Everything changed for Faith No More with the release of the album’s second single, Epic – a fitting name for a song that would launch Faith No More’s career into the stratosphere.

“The label had spent their wad emotionally and financially on supporting From Out of Nowhere and it did nothing – literally nothing,” admits Bordin. “They came to us in London and met us at the Columbia hotel and they basically said, ‘Rather than have us pick the next single, we want you to tell us what single to put out.’ We unanimously wanted Epic, because we loved the song at that point and how it worked for us onstage. It had many different elements to it that weren’t traditional in approach.”

But out on tour, the band didn’t have a chance to savour their success. “We were playing on the road, working our asses off and fucking with each other, so we completely missed it when it blew up!” laughs Bordin. “Somebody would be like, ‘It’s charting here’ or ‘It’s getting radio play there’, but we were just looking to make sure the tour made it all the way to L’Amour in Brooklyn, right? We had no way of knowing it was blowing up as far afield as Australia. Epic allowed us to keep working and upped the narrative so far as crowds and people being aware of the band goes.”

Faith No More’s Mike Patton onstage in 1990 (Image credit: John Atashian/Getty Images))

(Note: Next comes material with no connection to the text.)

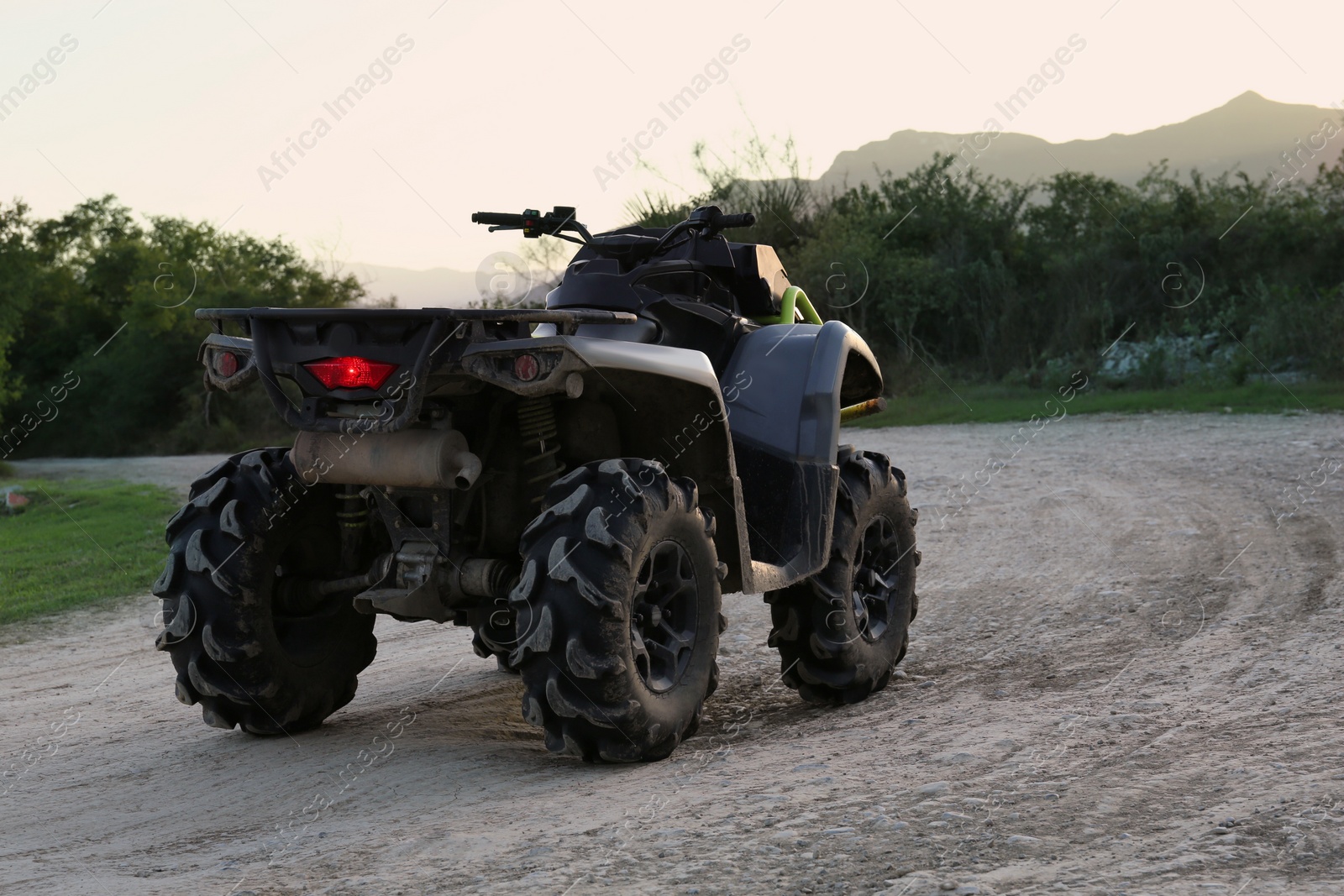 Photo of Modern fast quad bike on pathway outdoors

FNM were now media darlings, the vanguard for an oncoming crashing tide of alternative music that would dominate the next decade. A couple of award ceremonies and an appearance on Saturday Night Live brought 1990 to a close, and the following month they were back in front of a massive live audience, at the illustrious Rock In Rio II. They played alongside titans such as Guns N’ Roses, Megadeth, Judas Priest and, er, New Kids On The Block.

“Things were changing; it was still the Whitesnake and Poison world, the new breed hadn’t come around just yet,” Bordin says. “We were insinuating ourselves into the mainstream, taking up the charge from bands like Metallica. You needed bands like Metallica and Guns N’ Roses to make it huge but keep in that punk rock energy – it’s the difference between [Ted Nugent songs] Stranglehold and Wang Dang Sweet Poontang. There was less and less nutrition and more acts just surviving, so there had to be some kind of change in there, opening up new fields where something could grow.”

The Real Thing had done more for Faith No More than they could have imagined, ambitious vision or not. Having played harder and experienced more in the frantic three years since recruiting Mike Patton, the band had managed to completely infiltrate the mainstream and push themselves as an entirely new movement, standing alongside bands like Jane’s Addiction, Living Colour and Soundgarden to present a vision for alternative metal, proof positive that a band can do anything and still change the world.

The Real Thing definitely impacted on future bands,” agrees Matt. “Over the years I’ve had a bunch call me up to work with them simply because of that record; System of a Down, Korn, Hoobastank… a bunch that were obviously impacted by that music and what Patton was doing vocally. It truly changed the changed the face of music.”